__EXERCISE INSTRUCTIONS__
What you write must match the records exactly, except for the images, which are left out.

Caption-style text data:
------------------------------------
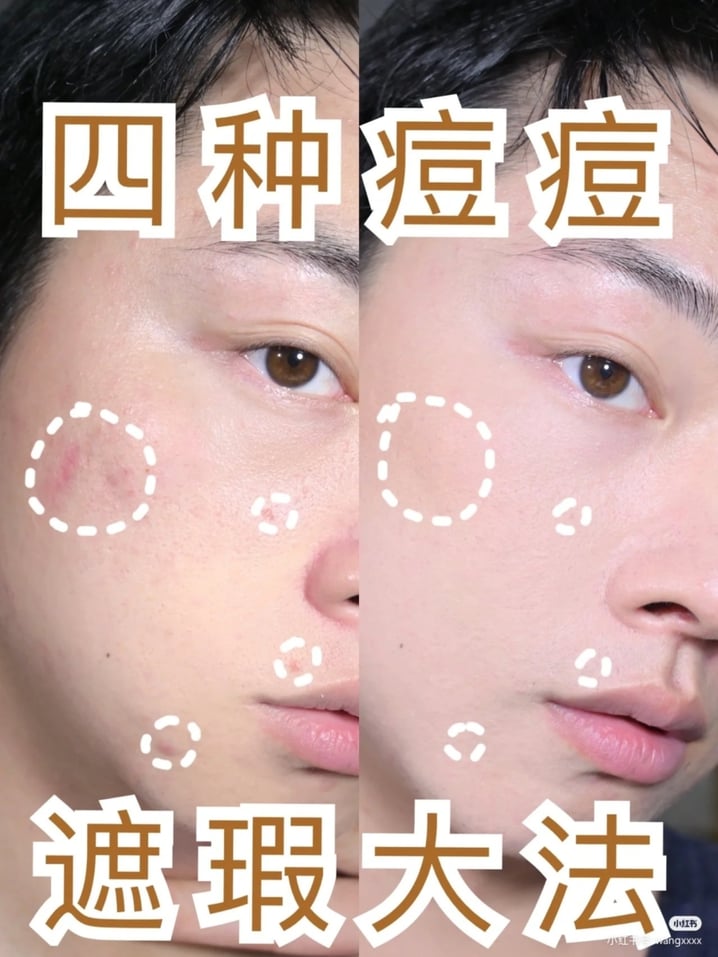 4种「痘痘遮瑕大法」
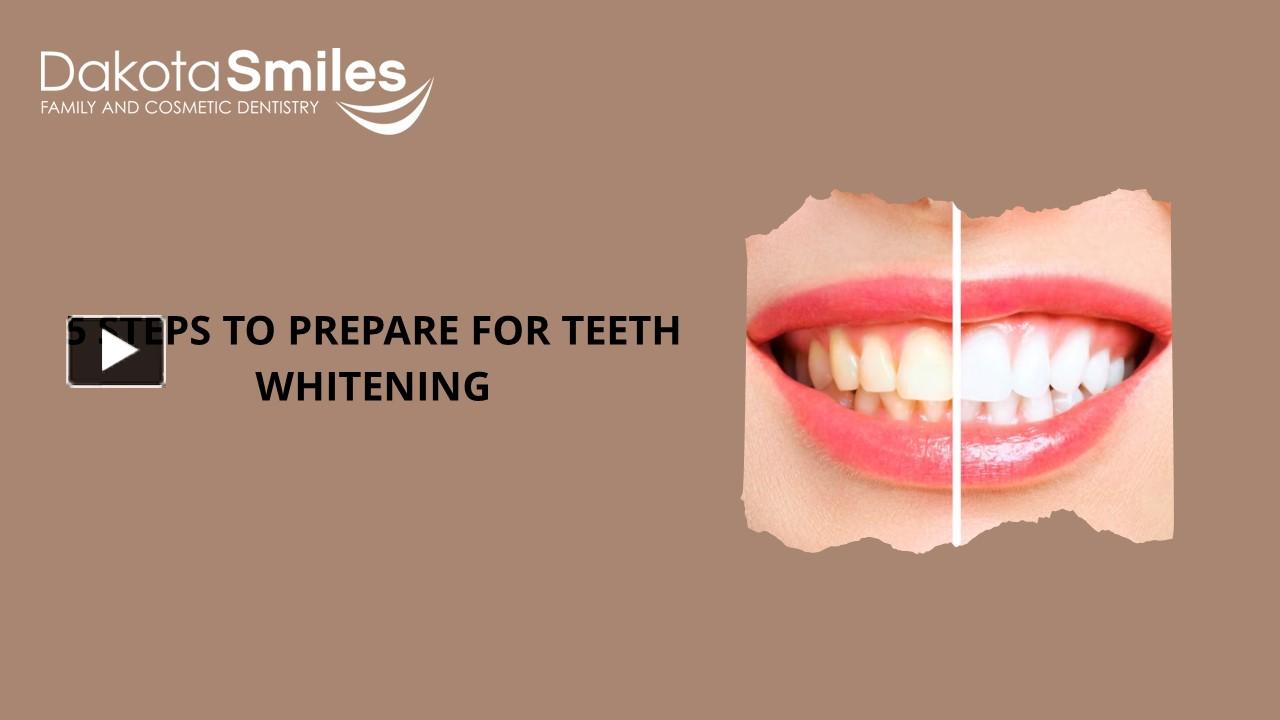 Ppt Top 5 Steps To Prepare For Teeth Whitening Powerpoint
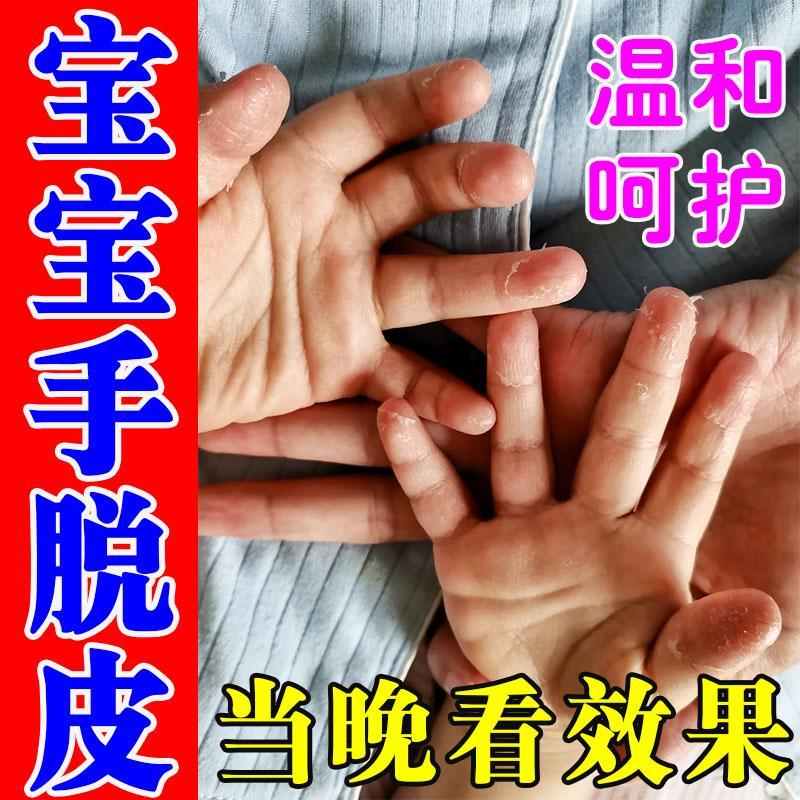 儿童手足脱皮膏手指掉皮专用药膏小孩子季节性手脚严重蜕皮维生素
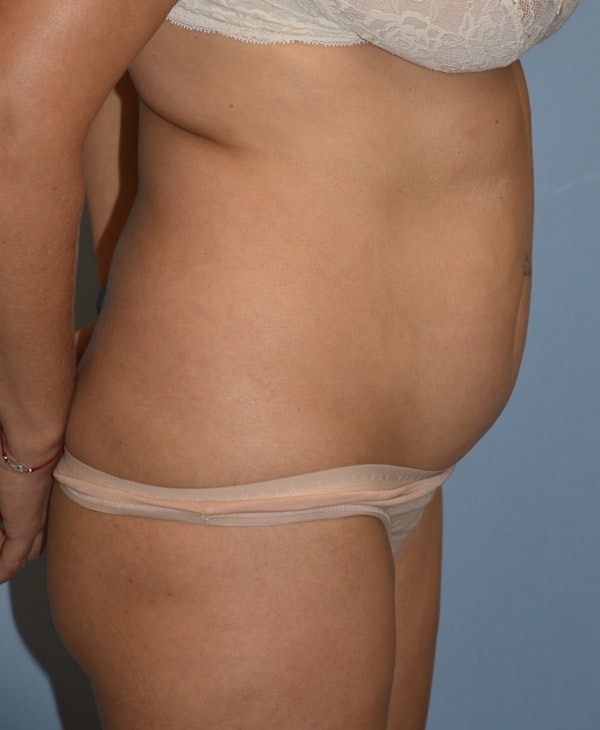 Brazilian Butt Lift Before & After Gallery - Patient 396208 - Image 5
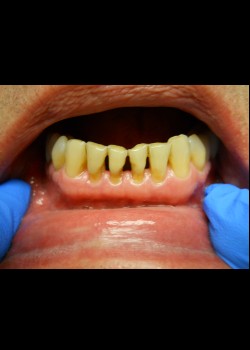 Before Image: Crown Case #0414 - front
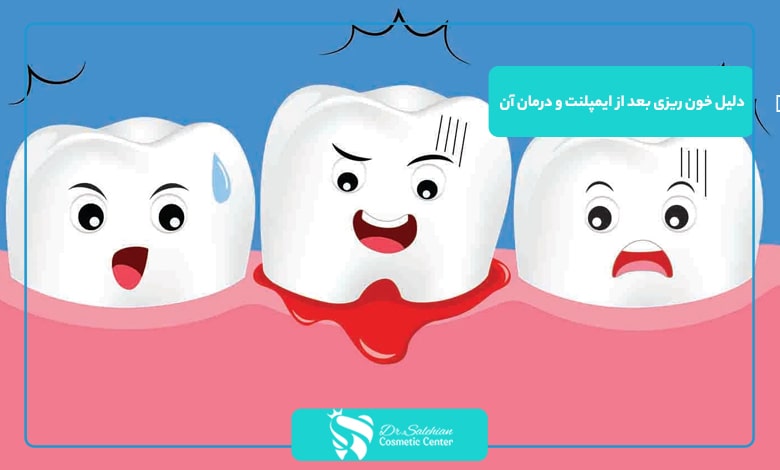 دلیل خون ریزی بعد از ایمپلنت و درمان آن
------------------------------------
__EXERCISE RESPONSE__
 4种「痘痘遮瑕大法」
 Ppt Top 5 Steps To Prepare For Teeth Whitening Powerpoint
 儿童手足脱皮膏手指掉皮专用药膏小孩子季节性手脚严重蜕皮维生素
 Brazilian Butt Lift Before & After Gallery - Patient 396208 - Image 5
 Before Image: Crown Case #0414 - front
 دلیل خون ریزی بعد از ایمپلنت و درمان آن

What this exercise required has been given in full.